» **Dataset extract**
*****

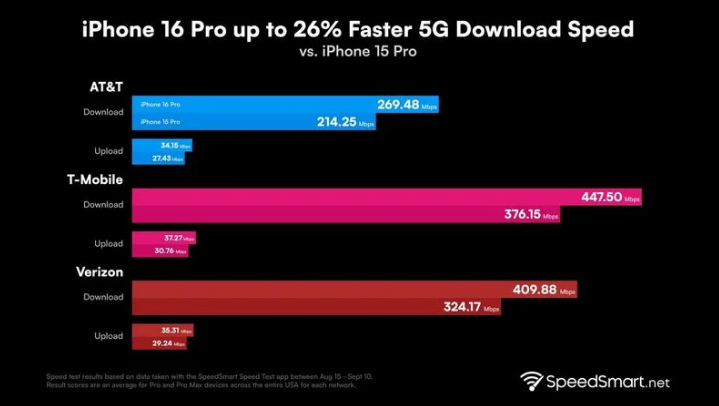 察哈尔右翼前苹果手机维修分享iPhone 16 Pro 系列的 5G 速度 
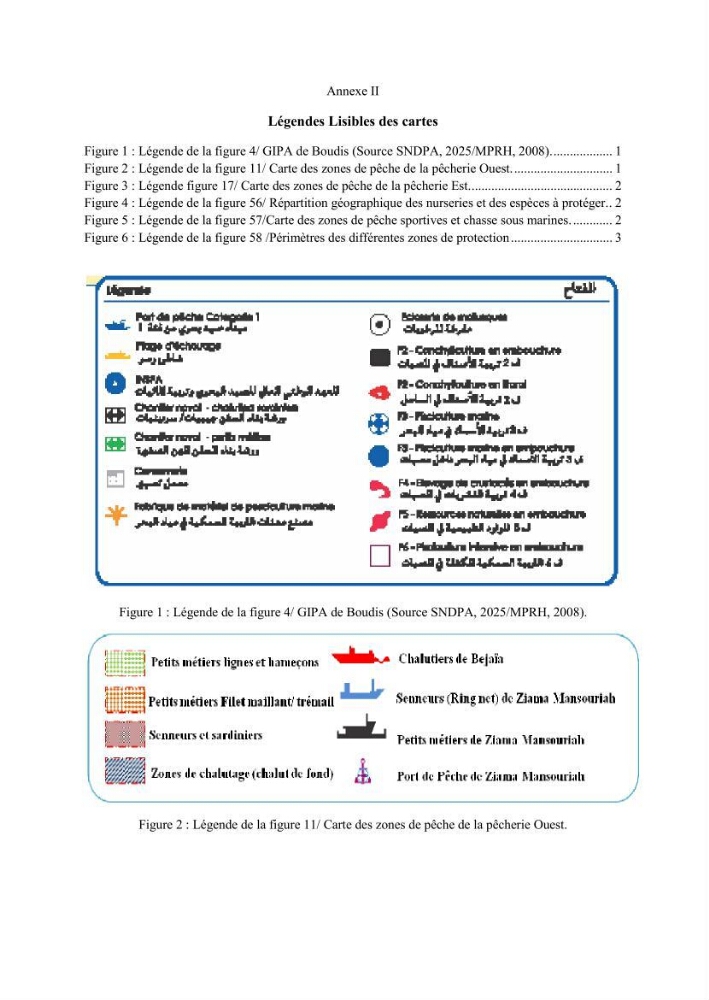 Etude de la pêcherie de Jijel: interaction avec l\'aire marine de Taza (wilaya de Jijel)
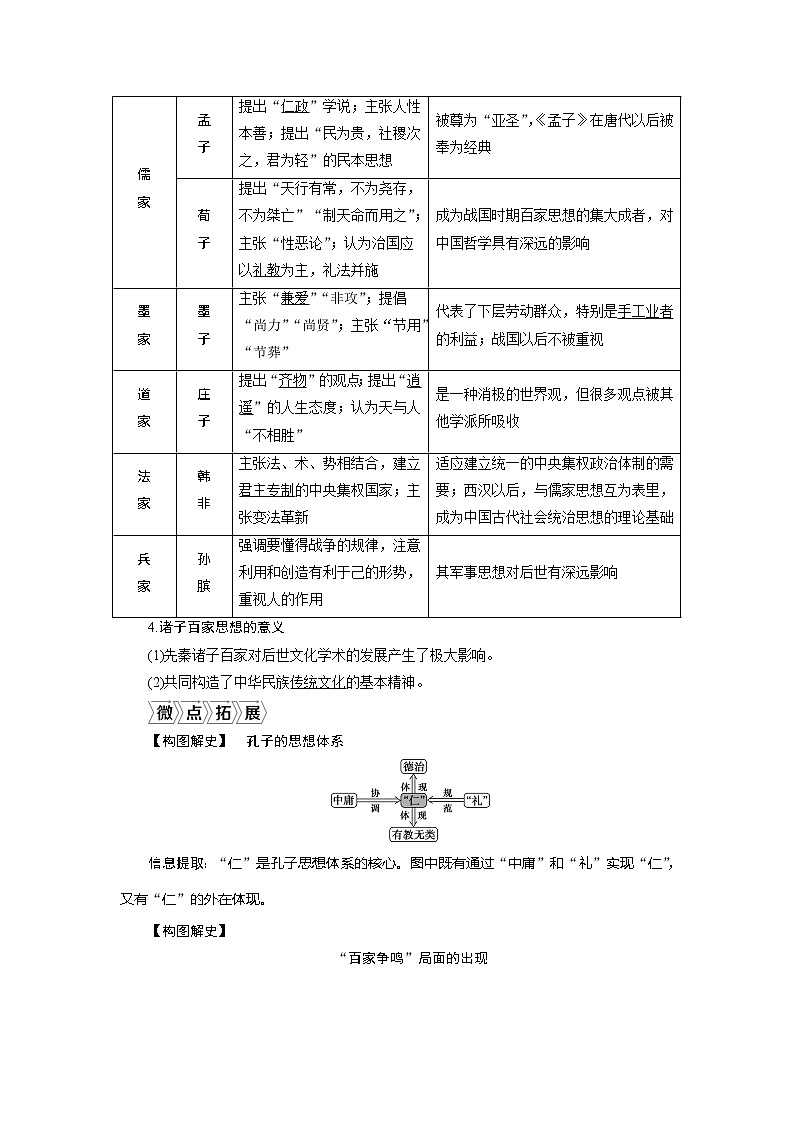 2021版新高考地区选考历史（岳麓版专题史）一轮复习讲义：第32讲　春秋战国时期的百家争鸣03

*****

Exact copy, no images: rewrite the entire listing above.

 察哈尔右翼前苹果手机维修分享iPhone 16 Pro 系列的 5G 速度 
 Etude de la pêcherie de Jijel: interaction avec l\'aire marine de Taza (wilaya de Jijel)
 2021版新高考地区选考历史（岳麓版专题史）一轮复习讲义：第32讲　春秋战国时期的百家争鸣03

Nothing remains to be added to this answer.